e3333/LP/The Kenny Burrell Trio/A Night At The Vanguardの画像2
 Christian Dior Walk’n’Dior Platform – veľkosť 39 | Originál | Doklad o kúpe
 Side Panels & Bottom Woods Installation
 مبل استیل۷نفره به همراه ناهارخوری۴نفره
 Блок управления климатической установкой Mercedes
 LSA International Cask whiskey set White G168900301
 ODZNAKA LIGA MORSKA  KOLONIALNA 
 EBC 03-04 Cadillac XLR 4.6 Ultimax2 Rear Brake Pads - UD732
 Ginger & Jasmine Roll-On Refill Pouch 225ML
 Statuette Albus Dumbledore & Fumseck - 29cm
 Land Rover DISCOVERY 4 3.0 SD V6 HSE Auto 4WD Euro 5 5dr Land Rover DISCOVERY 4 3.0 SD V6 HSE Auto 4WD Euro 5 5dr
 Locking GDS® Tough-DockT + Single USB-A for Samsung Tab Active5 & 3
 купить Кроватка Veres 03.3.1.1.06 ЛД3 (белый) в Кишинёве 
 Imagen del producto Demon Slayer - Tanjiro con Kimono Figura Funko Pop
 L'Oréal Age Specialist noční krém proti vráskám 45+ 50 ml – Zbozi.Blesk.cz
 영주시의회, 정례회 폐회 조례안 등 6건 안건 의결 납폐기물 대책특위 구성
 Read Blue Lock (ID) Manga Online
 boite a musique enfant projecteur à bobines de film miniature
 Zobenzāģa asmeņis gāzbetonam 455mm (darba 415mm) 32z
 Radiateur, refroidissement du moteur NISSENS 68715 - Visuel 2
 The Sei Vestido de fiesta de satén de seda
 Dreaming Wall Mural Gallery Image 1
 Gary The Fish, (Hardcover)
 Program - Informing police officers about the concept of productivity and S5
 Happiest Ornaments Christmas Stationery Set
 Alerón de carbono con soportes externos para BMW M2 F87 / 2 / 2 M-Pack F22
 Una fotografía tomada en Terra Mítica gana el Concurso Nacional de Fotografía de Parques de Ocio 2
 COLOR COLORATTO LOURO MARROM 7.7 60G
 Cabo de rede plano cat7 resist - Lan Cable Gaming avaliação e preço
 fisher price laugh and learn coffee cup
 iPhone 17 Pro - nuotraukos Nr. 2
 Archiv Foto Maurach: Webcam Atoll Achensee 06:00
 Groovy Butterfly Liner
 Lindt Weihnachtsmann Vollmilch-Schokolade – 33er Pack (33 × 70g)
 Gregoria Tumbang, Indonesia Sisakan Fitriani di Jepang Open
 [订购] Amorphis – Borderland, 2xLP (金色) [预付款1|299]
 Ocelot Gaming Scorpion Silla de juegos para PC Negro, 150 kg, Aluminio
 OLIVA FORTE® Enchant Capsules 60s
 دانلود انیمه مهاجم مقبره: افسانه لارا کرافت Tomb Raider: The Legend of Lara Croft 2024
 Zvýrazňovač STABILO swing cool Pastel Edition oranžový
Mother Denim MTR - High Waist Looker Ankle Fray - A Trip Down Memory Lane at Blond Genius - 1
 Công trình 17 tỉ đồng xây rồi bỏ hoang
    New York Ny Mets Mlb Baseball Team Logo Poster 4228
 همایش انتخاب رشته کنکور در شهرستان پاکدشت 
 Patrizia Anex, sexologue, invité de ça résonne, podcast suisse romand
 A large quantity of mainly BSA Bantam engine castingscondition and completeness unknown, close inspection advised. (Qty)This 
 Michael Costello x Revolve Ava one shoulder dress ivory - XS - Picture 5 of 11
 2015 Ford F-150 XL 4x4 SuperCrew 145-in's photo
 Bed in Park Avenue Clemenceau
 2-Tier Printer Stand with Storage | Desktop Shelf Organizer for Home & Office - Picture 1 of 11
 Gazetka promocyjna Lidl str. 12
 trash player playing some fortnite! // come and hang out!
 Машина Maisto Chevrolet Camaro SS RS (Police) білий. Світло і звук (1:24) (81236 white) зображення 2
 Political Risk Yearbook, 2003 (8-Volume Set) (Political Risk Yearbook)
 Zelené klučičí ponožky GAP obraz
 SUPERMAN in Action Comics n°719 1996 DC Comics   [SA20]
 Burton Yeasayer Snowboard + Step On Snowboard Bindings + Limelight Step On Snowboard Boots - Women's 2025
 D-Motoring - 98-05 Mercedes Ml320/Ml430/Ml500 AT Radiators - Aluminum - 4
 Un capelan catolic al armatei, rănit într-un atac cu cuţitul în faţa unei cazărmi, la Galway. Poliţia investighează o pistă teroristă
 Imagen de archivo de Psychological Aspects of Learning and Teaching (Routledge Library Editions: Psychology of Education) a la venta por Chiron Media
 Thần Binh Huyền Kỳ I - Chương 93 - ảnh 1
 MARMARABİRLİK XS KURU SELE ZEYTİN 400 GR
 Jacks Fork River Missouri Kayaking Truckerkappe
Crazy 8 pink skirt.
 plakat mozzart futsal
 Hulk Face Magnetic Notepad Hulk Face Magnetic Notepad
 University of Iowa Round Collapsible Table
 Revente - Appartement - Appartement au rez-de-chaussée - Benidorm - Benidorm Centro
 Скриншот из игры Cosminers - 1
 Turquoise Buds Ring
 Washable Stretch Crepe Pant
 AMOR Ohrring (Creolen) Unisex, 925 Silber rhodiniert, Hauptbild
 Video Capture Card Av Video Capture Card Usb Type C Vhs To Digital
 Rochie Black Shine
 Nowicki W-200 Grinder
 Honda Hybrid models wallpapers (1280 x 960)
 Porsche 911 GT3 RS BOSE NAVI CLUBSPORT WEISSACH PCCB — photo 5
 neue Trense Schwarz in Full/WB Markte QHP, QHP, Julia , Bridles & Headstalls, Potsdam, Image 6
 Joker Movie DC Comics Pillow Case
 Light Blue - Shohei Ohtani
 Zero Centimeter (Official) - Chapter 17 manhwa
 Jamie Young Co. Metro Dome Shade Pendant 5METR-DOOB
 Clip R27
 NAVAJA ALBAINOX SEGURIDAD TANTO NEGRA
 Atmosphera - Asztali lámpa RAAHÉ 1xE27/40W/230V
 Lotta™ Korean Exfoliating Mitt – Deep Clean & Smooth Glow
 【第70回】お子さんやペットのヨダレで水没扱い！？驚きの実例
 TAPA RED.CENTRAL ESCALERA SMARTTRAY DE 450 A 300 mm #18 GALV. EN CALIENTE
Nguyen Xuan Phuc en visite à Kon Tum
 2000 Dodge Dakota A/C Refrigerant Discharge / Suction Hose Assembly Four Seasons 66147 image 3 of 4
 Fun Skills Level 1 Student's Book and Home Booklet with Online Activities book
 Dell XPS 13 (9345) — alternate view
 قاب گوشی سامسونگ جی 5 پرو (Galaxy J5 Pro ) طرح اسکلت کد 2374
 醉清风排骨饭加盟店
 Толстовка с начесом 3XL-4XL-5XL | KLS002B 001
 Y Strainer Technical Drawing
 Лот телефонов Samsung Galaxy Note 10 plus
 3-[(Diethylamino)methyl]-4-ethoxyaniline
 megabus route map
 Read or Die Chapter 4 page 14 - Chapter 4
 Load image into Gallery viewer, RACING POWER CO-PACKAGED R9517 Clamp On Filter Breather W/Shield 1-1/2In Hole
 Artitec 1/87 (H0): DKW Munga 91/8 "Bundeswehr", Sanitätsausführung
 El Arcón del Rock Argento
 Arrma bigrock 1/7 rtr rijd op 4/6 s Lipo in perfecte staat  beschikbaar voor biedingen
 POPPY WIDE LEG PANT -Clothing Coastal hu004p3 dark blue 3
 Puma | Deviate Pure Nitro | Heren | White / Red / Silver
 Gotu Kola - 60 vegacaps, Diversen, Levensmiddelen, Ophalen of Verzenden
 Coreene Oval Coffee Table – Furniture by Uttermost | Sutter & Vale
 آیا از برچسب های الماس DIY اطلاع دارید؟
---
### YOUR ASSIGNMENT
Write down only the number of lines that contain the string "Imagen" in the listing.

### COMPLETED EXERCISE
2